### Task directions
In the material below, the lines between the one holding "Fusalp UK XS Burgundy Jumper" and the one holding "Kalosze damskie Dry Walker Strack orange", inclusive, are to be set down word for word. Pictures stay out.

### Task inputs
=======
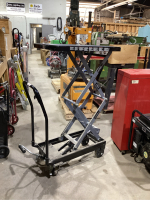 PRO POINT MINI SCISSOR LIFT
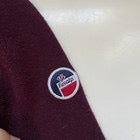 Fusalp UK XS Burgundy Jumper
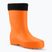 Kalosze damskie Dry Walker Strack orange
=======
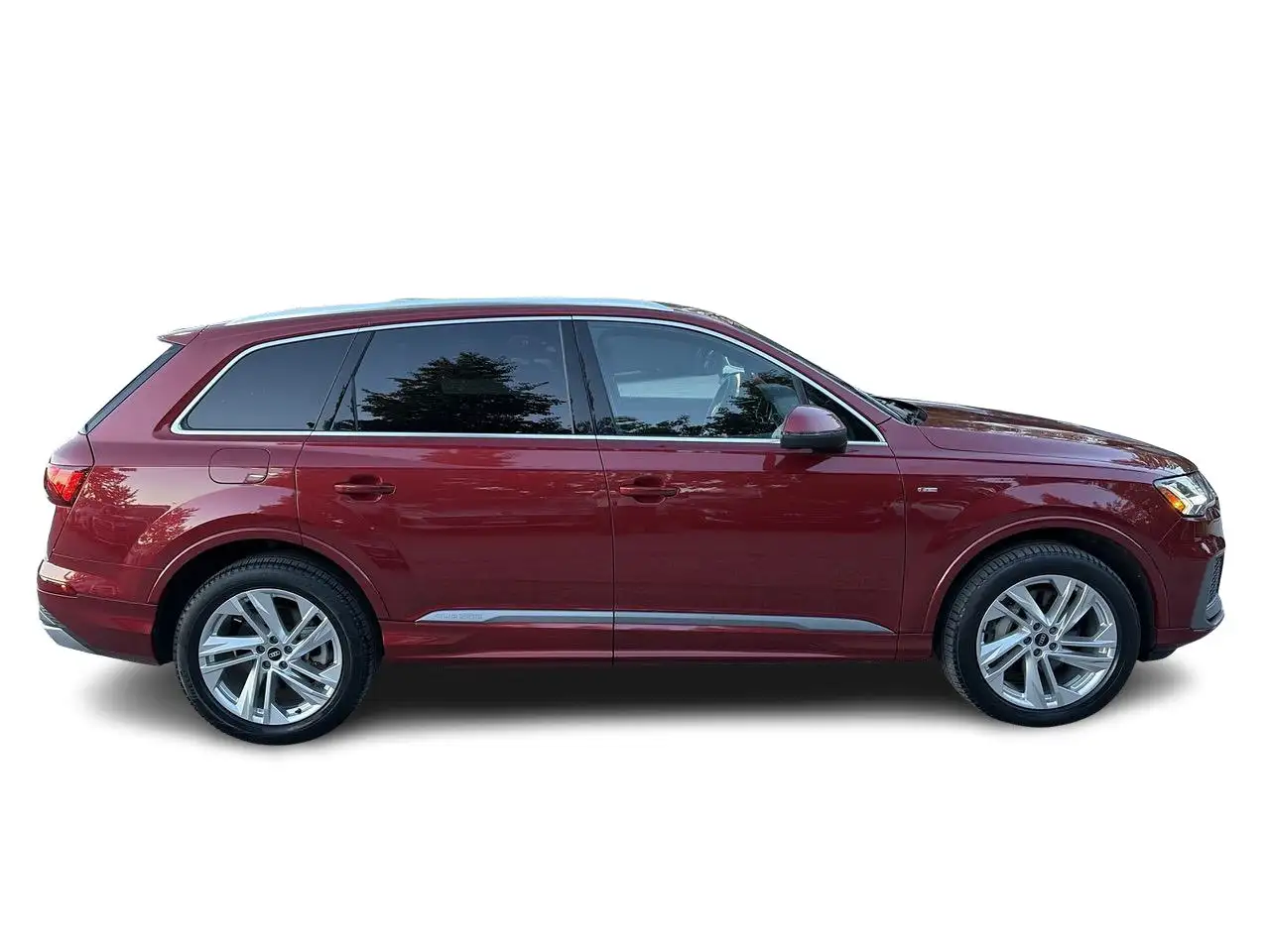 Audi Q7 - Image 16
=======
### Response area
 Fusalp UK XS Burgundy Jumper
 Kalosze damskie Dry Walker Strack orange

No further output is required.